Honestly, it will be easier if we just make this function run the entire process.

In [14]:
# Subsetting data to match that of our answer key
test_iris = inverse_knn_iris.iloc[null_idx]
test_iris.head()

Unnamed: 0,sepal_length,sepal_width,petal_length,petal_width,target
1,4.9,3.1,1.4,0.18,0.0
3,4.6,3.1,1.5,0.2,0.0
7,5.0,3.4,1.5,0.26,0.0
8,4.4,2.9,1.34,0.2,0.0
13,4.3,3.0,1.34,0.1,0.0


In [15]:
# Resetting indexes of test_iris and answer_key for iteration
test_iris = test_iris.reset_index()
test_iris.drop(['index', 'target'], axis=1, inplace=True)
answer_key = answer_key.reset_index()
answer_key.drop(['index', 'target'], axis=1, inplace=True)

# Calculate results
results = pd.DataFrame((round((answer_key - test_iris), 3)))

results.head()

Unnamed: 0,sepal_length,sepal_width,petal_length,petal_width
0,0.0,-0.1,0.0,0.02
1,0.0,0.0,0.0,0.0
2,0.0,0.0,0.0,-0.06
3,0.0,0.0,0.06,0.0
4,0.0,-0.0,-0.24,0.0


Now that we have a dataframe with the rows that had data imputed, we need to find out the accuracy. 

To do this we first need to find out if there happen to be any perfect imputations (e.g. `actual values - predictions == 0`).  We'll sum up the total number of imperfect imputations and subtract them from the total number of values that were imputed (58, as calculated earlier).  

In [16]:
# Imputes where y - y_hat != 0
imperfect_imputes = 0

for col in results.columns:
    for i in range(len(results)):
        if results[col][i] != 0.00 or results[col][i] != -0.00:
            imperfect_imputes += 1
# We know from earlier that there were 58 total NaN values 
total_imputes = 58 

# Imputes where y - y_hat == 0
perfect_imputes = total_imputes - imperfect_imputes

print(f'Total Values Imputed: {total_imputes}')
print(f'Imperfect Imputations: {imperfect_imputes}')
print(f'Perfect Imputations: {perfect_imputes}')

Total Values Imputed: 58
Imperfect Imputations: 57
Perfect Imputations: 1


So we did end up with 1 perfect estimation! That's pretty impressive! 

Now we'll find out the RMSE.  To do this we'll create a loop that will collect all of the errors from the imputed values and square them.  From there, the values will be added together and then we'll take the square-root of the resulting sum. 

In [17]:
squared_terms = []
for col in results.columns:
    for i in range(len(results)):
        if results[col][i] != 0.00 or results[col][i] != -0.00:
            error = results[col][i]
            squared_error = error**2
            squared_terms.append(squared_error)
n = 58
sum_sqr_err = sum(squared_terms)
mse = sum_sqr_err/n
rmse = np.sqrt(mse)

print(f'RMSE for KNN Imputation on Iris dataset is {rmse}')

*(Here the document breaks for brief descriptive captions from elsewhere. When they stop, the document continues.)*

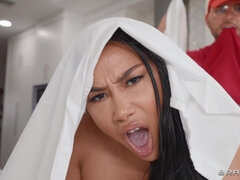 Ebony booty babe Jennifer Exxotic horny massage sex video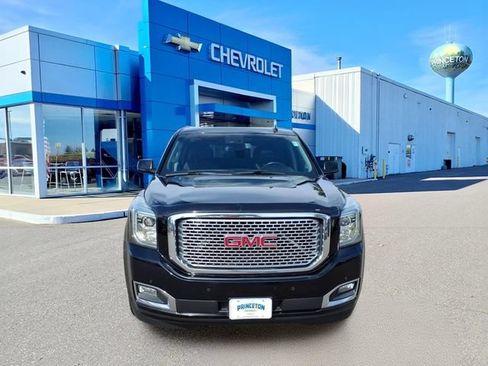 Used 2015 GMC Yukon Denali w/ Open Road Package AWD/4WD image 9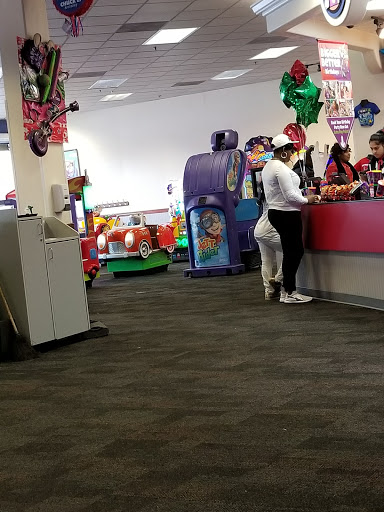 Shopping Mall «Riverpoint Center», reviews and photos, 1730 W Fullerton Ave, Chicago, IL 60614, USA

RMSE for KNN Imputation on Iris dataset is 0.4271315714277568


The RMSE when 10% of the data is missing is about 0.427.  Even though only 10% of the total data was missing, we must remember that 30% of the rows were still affected which is relatively close to some real world datasets.  How much will this change if we increase the amount of missing data?

# 20% Missing Data
We'll start by making a copy of the preprocessed dataframe (`iris_exp_copy`) we stored earlier. This way we'll always have a clean copy of the preprocessed dataset. Generalizing the code above, we can automate this process by use of a function stored in the file `functions.py`.

In [18]:
from functions import knn_continuous

knn_continuous(df=iris_exp, target="target", frac_nan=0.2, n_neighbors=5, 
               seed=7)

The dataset (without target) has a total of 600 values
There are 109 NaN values
18.17% of the dataset is missing
There are 78 rows with missing values
52.0% of the rows contain missing values


-----------------------------------------------------------------


Total Values Imputed: 109
Imperfect Imputations: 104
Perfect Imputations: 5


-----------------------------------------------------------------


RMSE for KNN Imputation on dataset is 0.34823275986884333